9.5 Conclusion En résumé : Il semble que le principe de similitude tel qu’il est formulé : est non seulement testable mais a été réfuté par des études cliniques; est incomplet en ce qui a trait aux phénomènes de guérison : il existe des substances qui guérissent sans qu’elles produisent les symptômes des maladies qu’elles guérissent ; doit être modifié pour être préservé (recours à un autre principe) ; même s’il est combiné à un autre principe (principe d’individualisation), n’assure pas que le nouveau principe soit à son tour testable (i.e. le principe modifié ne l’est peut-être plus); ne trouve pour son appui aucune base théorique en chimie. Il semble que le principe de dilution tel qu’il est formulé : rencontre de sérieux problèmes pour expliquer l’action de la substance hautement diluée; même s’il est combiné à un principe de dynamisation, est incompatible avec les lois et les applications de la chimie moderne.
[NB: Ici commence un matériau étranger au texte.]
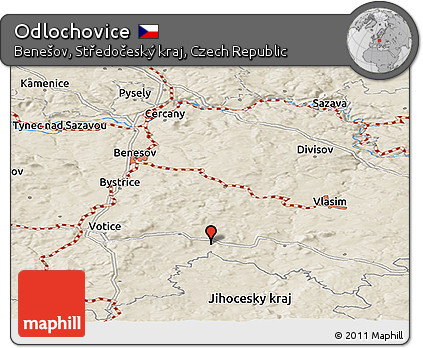 Shaded Relief Panoramic Map of Odlochovice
9.5 Conclusion Donc : Dernier recours des homéopathes : La justification des hypothèses (ou des principes) de base de l’homéopathie est donc très fragile. Il n’y a aucune justification empirique solide de l’homéopathie. Elle ne possède non plus aucune justification théorique compatible avec les lois de la chimie moderne. Ceci ne veut pas dire que l’homéopathie est fondées sur de fausses croyances ou qu’elle est totalement inefficace. Tout ce qu’on peut conclure, c’est qu’il est légitime d’avoir des doutes sérieux quant à son efficacité. Dernier recours des homéopathes : Il s’agit de recourir à une stratégie générale employée par tous les promoteurs des médecines parallèles : remettre en question les critères d’évaluation eux-mêmes. Cela consiste à dire que le paradigme de l’homéopathie (ou de toute médecine parallèle) n’a rien à voir avec celui de la médecine officielle… Ce sont deux mondes complètement différents, incommensurables, qu’on ne peut évaluer avec les mêmes critères.